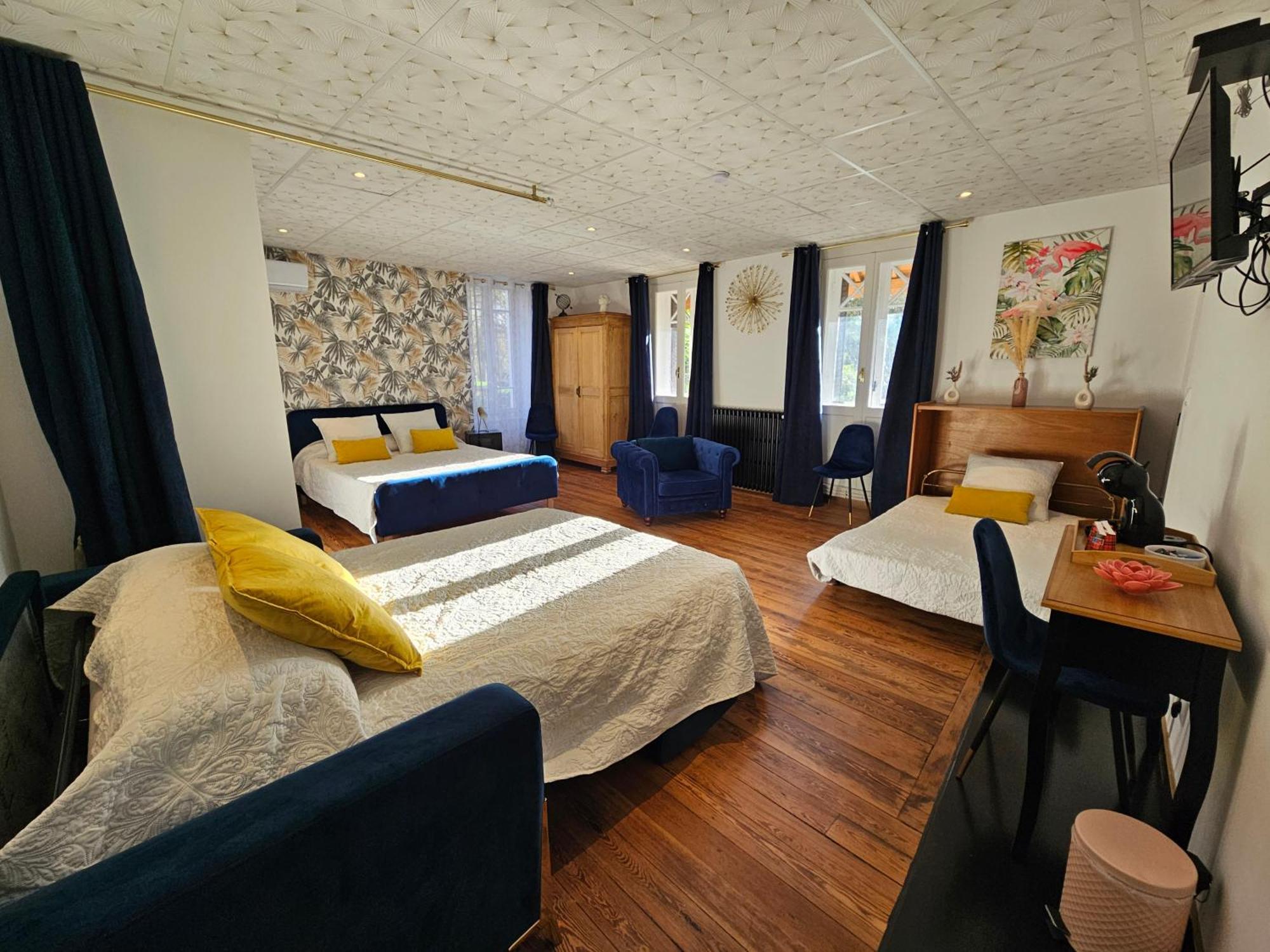 Deluxe Family Suite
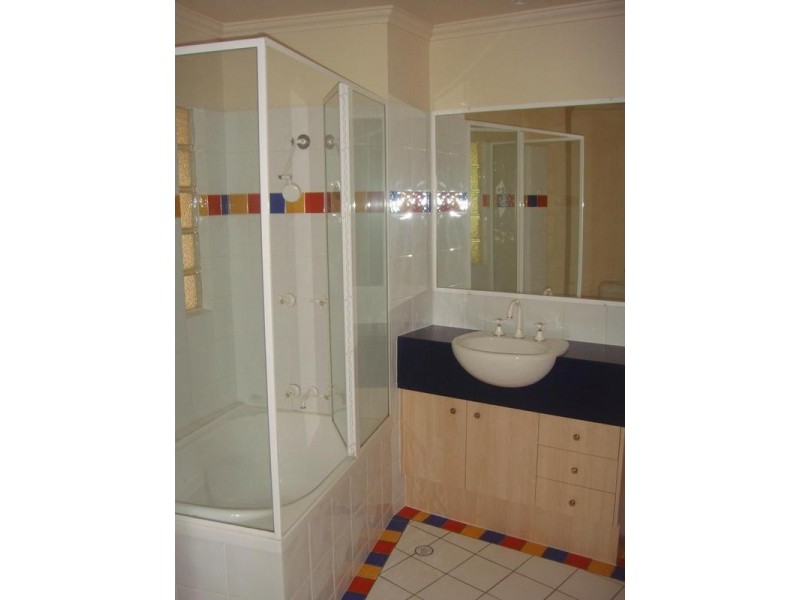 52 Beeston Street, Teneriffe QLD 4005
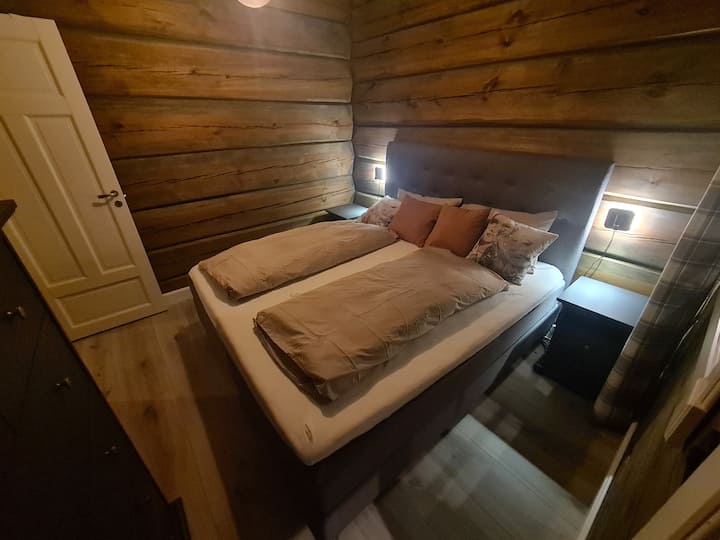 Dobbeltrom med balkong i første etasje.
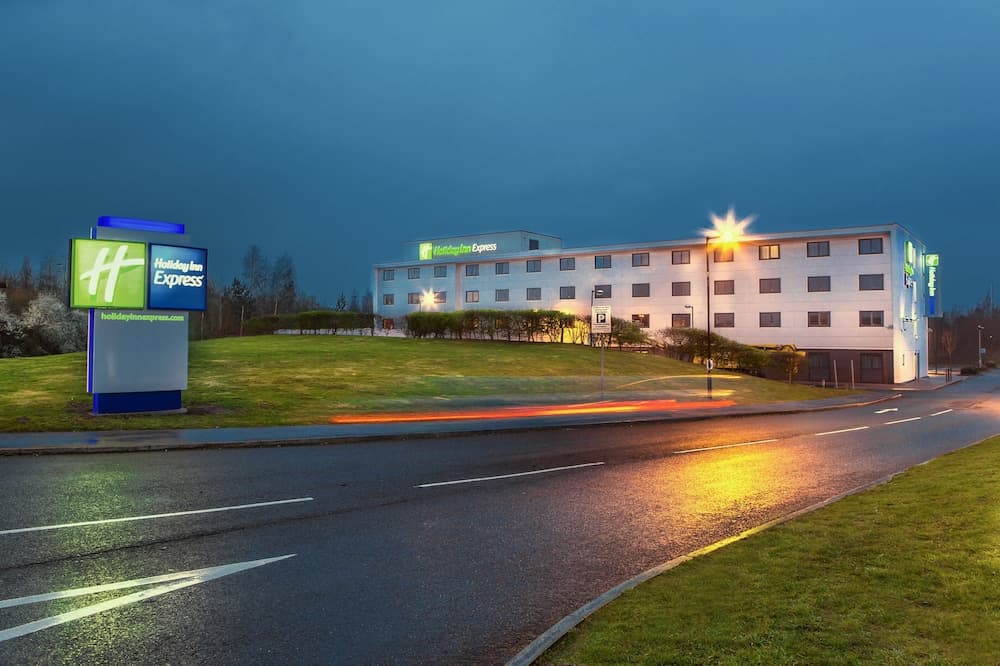 Holiday Inn Express Manchester Airport by IHG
--------------------------------
Exercise aim:
The listing above needs to be output again exactly. Don't include the pictures.

Written response:
 Deluxe Family Suite
 52 Beeston Street, Teneriffe QLD 4005
 Dobbeltrom med balkong i første etasje.
 Holiday Inn Express Manchester Airport by IHG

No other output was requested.